Washington’s Timeshare Act: Consumer Panacea?

It’s sunset, and time for the Jacuzzi. Beyond your room-size mirror lined bathroom, the master bedroom suite opens onto a majestic view of the Blue Ridge Mountains. The soft strains of piped-in music spills over the upper levels, where a gourmet kitchen, a second bedroom and a living room with a stone fireplace open onto the same spectacular view. The golf course, pool and tennis complex are but a walk away.

For a modest price and a nominal yearly maintenance fee, anyone can obtain their personal slice of paradisiacal for two weeks out of every year for the next thirty years. The paradisiacal retreat is always well-maintained and cared for, so one need not spend his valuable vacation time with the typical custodial concerns of most real property owners.
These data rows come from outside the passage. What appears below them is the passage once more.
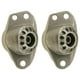 thumbnail image 1 of Bases Para Amortiguador Leon 2001 A 2005 Seat Traseras Superiores TRW, 1 of 4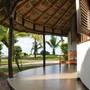 Горящие туры в отель Cote d'Or Lodge - 6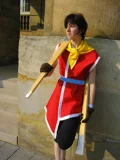 Top-3-Foto - von Eiji-Shinjo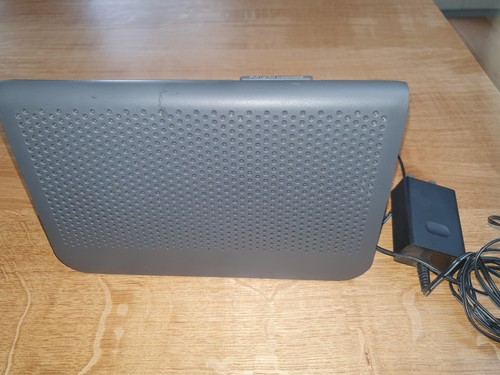 Talktalk huawei dg8041w t5 - talktalk,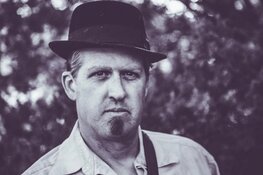 De activiteiten bij Patronaat van 9 t/m 14 september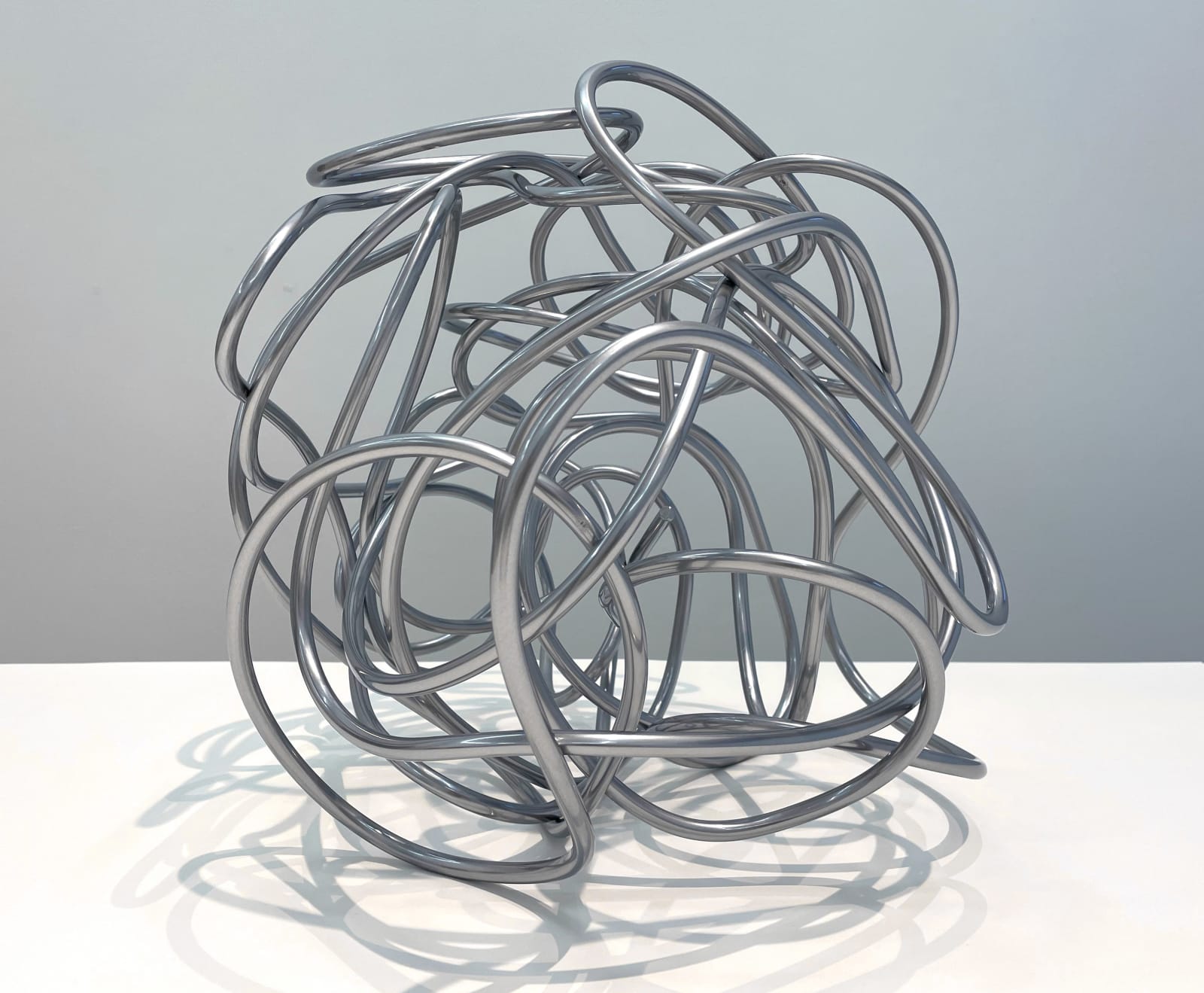 ÞÓR VIGFÚSSON, Untitled, 2022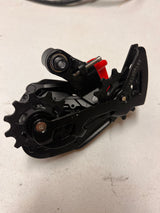 Sram APEX XPLR AXS Rear Derailleur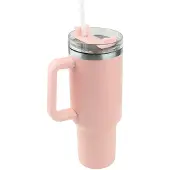 Onamaste Thermosfles 1,2L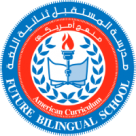 Future Bilingual School, Kuwait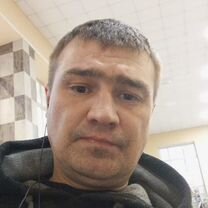 Рабочий, Борисов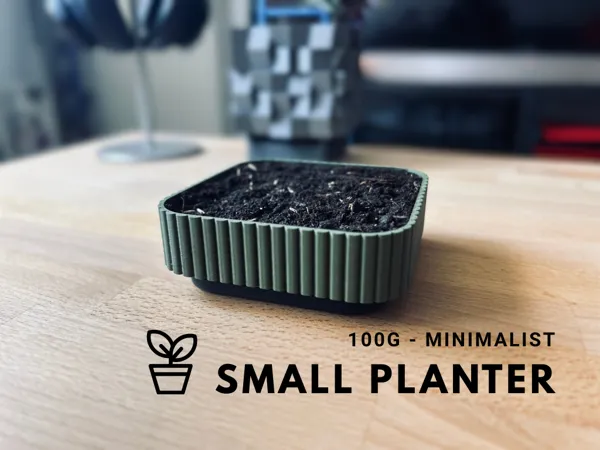 https://makerworld.bblmw.com/makerworld/model/US6cf72e5bff6104/design/2025-08-17_97bbe33f0329d8.png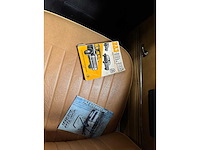 1978 lada 1200 sedan 8718 - afbeelding 5 van  33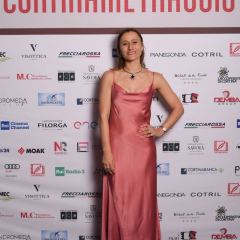 DSC_6874-Anna-Dagostino-1
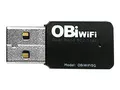 Poly OBi WiFi5G Netzwerkadapter USB-A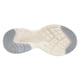 thumbnail image 4 of Tenis Para Niña K-Swiss T 20 Rosa Niki, 4 of 4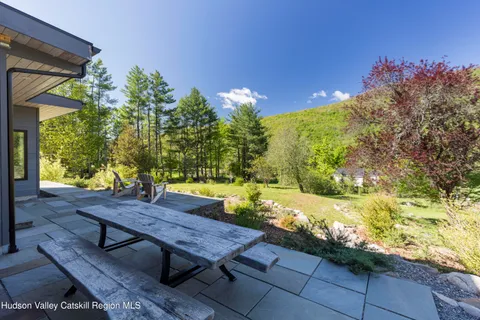 $1,250,000 | 23 Traver Hollow Road, Boiceville, NY 12412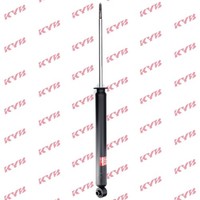 2X KYB StoßDäMpfer Excel-G 343255 FüR BMW E36 3Er 316 318 Tds 320 323 325 328
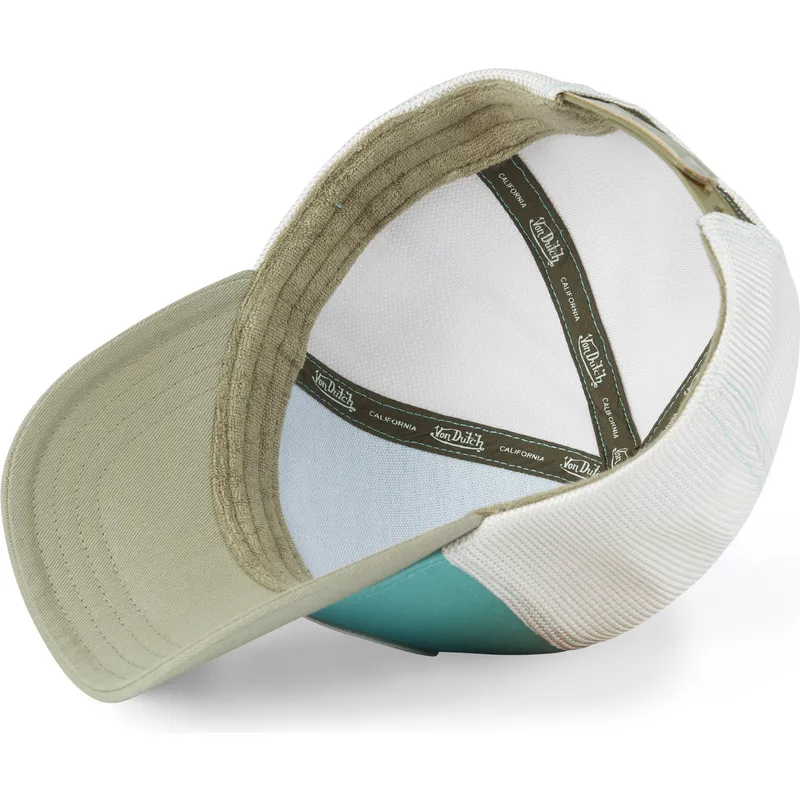 cap-zaoblena-multicolor-snapback-von-dutch cap-zaoblena-multicolor-snapback-von-dutch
A “no worries vacation” is the idyllic picture painted for prospective buyers.

The hazards of timeshare ownership are typically excluded from this picture of paradise. There are perils about which many timeshare purchasers are unaware. These perils take many forms, which for the most part occasion the same result: the interference of the quiet enjoyment of one’s timeshare paradise. Until recently, the timeshare consumer was almost at the mercy of the timeshare seller. Buyers could not be certain whether the offering was registered, whether the proper disclosures were being made, or whether the state or federal government provided any protection. Where government protection existed, it was sporadic at best due to the unique nature of timeshares.

. . .

Read More

Wendy S. Pearson & C. Patrick Hogeboom III, Washington’s Timeshare Act: Consumer Panacea?, 21 Gonz. L. Rev. 243 (1985).

Comments are closed.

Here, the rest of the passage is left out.